Input data:
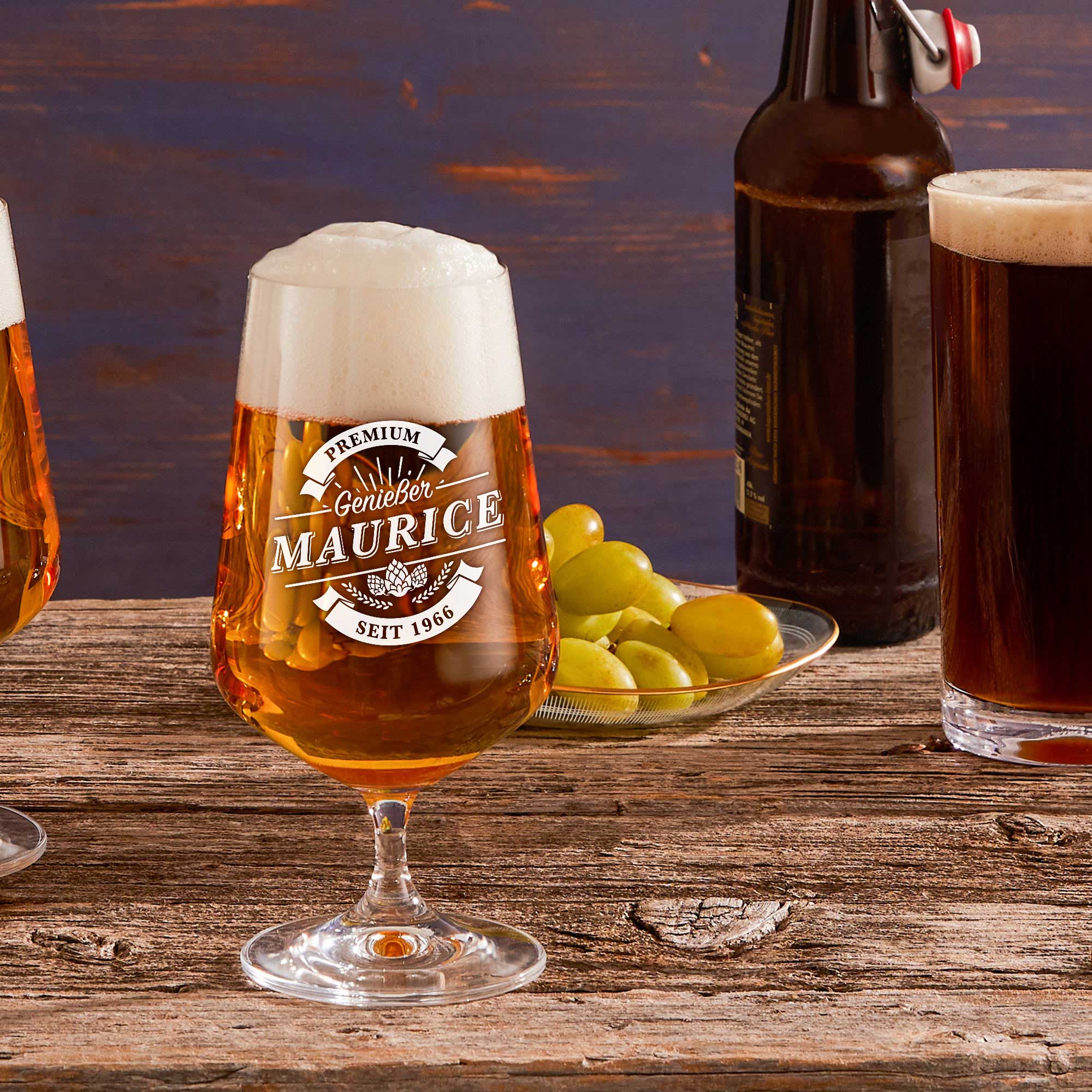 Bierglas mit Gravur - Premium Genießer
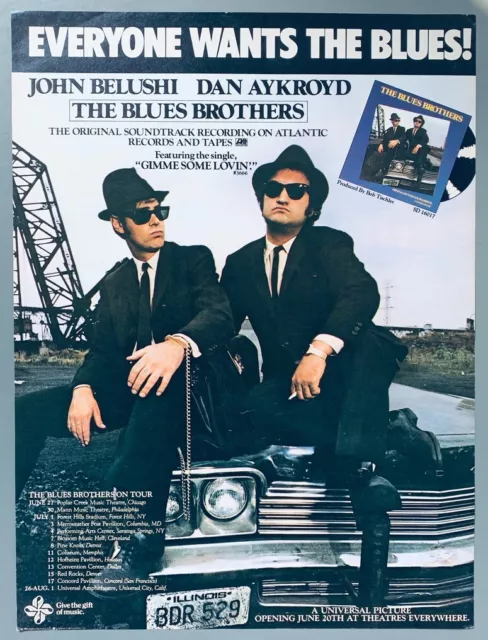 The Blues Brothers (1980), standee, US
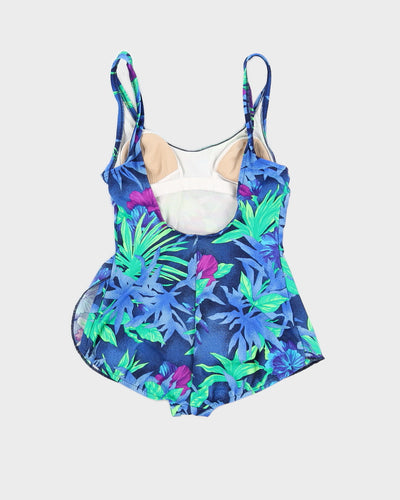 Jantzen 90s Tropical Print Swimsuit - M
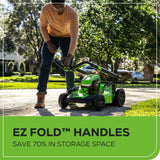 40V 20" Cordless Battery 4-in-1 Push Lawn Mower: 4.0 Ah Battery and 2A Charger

Exercise instructions:
Extract word for word every line from the line that contains "The Blues Brothers (1980), standee, US" to the final line of the data, both included, and nothing else; skip the pictures.

Response:
 The Blues Brothers (1980), standee, US
 Jantzen 90s Tropical Print Swimsuit - M
 40V 20" Cordless Battery 4-in-1 Push Lawn Mower: 4.0 Ah Battery and 2A Charger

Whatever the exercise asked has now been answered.